Proj 1: Data Query

glegrady
Posts: 160
Joined: Wed Sep 22, 2010 12:26 pm

Proj 1: Data Query

Post by glegrady » Mon Jan 05, 2015 3:43 pm

Create a MySQL query that asks an interesting question about the SPL database.
Assignment due: January 15, 2014

The query should consist of the following:
. Results to consist of multivariate numeric data to allow for minimum 3 columns metadata
. Standardize columns for output to .csv file: (vertical, horizontal, pixel value + more)
. Your search results should be sufficient to feature subtleties expressed visually within a screen size between 1920x 1280 to 2560 x 1850 pixels

Post your project by clicking POST REPLY. The project should consist of the following:
A brief description of your query (to be visible in your post) followed by:
. Give the MySQL Query
. Explain it and the motivation
. Give the processing time
. Provide an analysis/commentary: Discuss what you found through the query process in the data

Post all of this here, or as a pdf attachment
. Attach the csv file
George Legrady
legrady@mat.ucsb.edu

a.lazareva
Posts: 5
Joined: Sat Jan 10, 2015 11:29 am

Re: Proj 1: Data Query

Post by a.lazareva » Sun Jan 11, 2015 1:28 pm

Frequently Borrowed Together
I wanted to create a query that would return pairs of items that were borrowed together and the number of times the items were borrowed together. I believe this is an interesting question because it could allow us to create a simple ‘recommendation’ program similar to Amazon’s ‘Frequently bought together’ feature. I also wanted to see if there are any interesting data patterns that might give insights into user behavior.

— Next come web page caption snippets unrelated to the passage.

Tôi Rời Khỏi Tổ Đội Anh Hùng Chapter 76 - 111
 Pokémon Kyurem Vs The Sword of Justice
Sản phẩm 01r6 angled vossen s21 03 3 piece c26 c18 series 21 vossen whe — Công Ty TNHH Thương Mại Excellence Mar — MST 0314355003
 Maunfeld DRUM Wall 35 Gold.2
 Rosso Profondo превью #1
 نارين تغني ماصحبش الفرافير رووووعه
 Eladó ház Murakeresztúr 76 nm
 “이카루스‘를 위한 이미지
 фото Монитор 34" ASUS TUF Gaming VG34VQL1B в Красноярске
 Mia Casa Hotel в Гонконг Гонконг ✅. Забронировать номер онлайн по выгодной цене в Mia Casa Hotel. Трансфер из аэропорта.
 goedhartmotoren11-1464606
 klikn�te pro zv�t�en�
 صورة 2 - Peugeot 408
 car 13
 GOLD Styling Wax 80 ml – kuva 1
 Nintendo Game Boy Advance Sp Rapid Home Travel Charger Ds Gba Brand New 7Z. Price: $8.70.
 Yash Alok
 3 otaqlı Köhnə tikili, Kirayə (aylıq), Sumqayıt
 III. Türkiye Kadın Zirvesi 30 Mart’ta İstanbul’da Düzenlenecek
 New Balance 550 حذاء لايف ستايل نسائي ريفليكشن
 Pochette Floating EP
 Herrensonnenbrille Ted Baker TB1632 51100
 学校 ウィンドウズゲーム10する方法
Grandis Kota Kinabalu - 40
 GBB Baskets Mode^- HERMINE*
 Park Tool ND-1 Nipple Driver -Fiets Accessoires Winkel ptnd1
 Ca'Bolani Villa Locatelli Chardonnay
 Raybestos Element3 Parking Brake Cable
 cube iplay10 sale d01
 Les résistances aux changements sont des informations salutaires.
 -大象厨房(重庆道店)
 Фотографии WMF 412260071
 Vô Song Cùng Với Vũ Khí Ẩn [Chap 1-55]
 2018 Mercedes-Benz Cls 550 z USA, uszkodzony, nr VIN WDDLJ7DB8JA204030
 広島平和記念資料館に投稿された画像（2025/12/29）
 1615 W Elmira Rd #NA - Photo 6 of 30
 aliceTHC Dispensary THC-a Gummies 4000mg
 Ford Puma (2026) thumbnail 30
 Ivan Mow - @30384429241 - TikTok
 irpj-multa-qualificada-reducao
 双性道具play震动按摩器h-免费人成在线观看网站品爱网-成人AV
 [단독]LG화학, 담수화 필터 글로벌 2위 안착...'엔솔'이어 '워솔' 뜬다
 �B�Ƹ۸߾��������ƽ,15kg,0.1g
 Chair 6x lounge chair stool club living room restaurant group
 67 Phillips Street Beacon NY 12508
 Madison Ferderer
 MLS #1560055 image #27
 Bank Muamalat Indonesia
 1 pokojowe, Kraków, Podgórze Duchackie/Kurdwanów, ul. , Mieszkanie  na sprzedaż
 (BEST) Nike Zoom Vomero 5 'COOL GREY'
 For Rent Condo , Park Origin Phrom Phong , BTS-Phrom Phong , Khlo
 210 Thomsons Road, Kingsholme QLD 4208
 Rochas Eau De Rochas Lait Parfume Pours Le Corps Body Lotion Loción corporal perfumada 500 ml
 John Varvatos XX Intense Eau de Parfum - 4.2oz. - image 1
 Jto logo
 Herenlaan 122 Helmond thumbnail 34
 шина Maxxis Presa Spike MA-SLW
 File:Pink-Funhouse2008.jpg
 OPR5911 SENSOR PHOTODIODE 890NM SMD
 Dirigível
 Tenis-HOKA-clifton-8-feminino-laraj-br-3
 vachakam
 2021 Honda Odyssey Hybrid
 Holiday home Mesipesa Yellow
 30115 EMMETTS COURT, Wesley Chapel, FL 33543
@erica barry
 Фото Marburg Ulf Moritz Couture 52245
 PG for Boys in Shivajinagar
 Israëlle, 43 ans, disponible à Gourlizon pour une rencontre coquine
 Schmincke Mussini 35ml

Please see the attached file for the query, results, and analysis
Attached a simple co-occurance matrix with pixel coordinates corresponding to dewey classes. For example, (100,200) shows that items from these categories were checked out together. This is based on data going back to 2010 (1million lines). I excluded comic books from this one.
A.Lazareva_HW1.pdf
Project submission
(102.85 KiB) Downloaded 253 times
output.csv
output
(2.18 KiB) Downloaded 217 times
mockup.jpg
mockup

boyan
Posts: 5
Joined: Tue Jan 14, 2014 11:48 am

Re: Proj 1: Data Query

Post by boyan » Wed Jan 14, 2015 8:18 pm

People borrow books for different reasons, some of them wish to read the best­selling novels, others wish to learn programming skills. In other words, people have their personal preference for certain kinds of books. The specific reading interests may influence the checkout duration. It would be interesting to see if there is a pattern between checkout duration and reading interests. In this database, the reading interests could be represented by the particular dewey classes to which the borrowed books belong.
Attachments
output.csv
(222 Bytes) Downloaded 210 times
BYan_HW1.pdf
(115.9 KiB) Downloaded 298 times
Last edited by boyan on Thu Jan 15, 2015 10:06 am, edited 1 time in total.

donghaoren
Posts: 5
Joined: Sat Jan 10, 2015 11:33 am

Re: Proj 1: Data Query

Post by donghaoren » Wed Jan 14, 2015 8:51 pm

Average Lending Time

One interesting question about this dataset is to see the difference between the check-out and check-in time (lending time), which can reveal how long people read the books to some extent. Although people may not read the book during the entire lending time, but this number is the only available measure of reading time in the database. In this assignment, I explored the statistics of the lending times of top-level Dewey classes using SQL queries.

Update:

Included yearly average lending time for each of the 100 dewey classes.
MAT259 Assignment 1.pdf
(107.31 KiB) Downloaded 242 times
dewey-count-average_lending_time.csv
(4.38 KiB) Downloaded 224 times
dewey-count-average_lending_time-yearly.csv
(10.77 KiB) Downloaded 204 times
Last edited by donghaoren on Fri Jan 16, 2015 11:01 am, edited 3 times in total.

kurtoon
Posts: 5
Joined: Sat Jan 10, 2015 11:28 am

Re: Proj 1: Data Query

Post by kurtoon » Wed Jan 14, 2015 11:22 pm

Urban Agriculture

Seattle is home the P-Patch Community Garden Program, an unusually successful urban agriculture organization that manages 85 gardens and 2850 plots. Established in 1973, the program continues to expand, growing food on 14.9 acres and donating over 28,000 pounds of produce annually.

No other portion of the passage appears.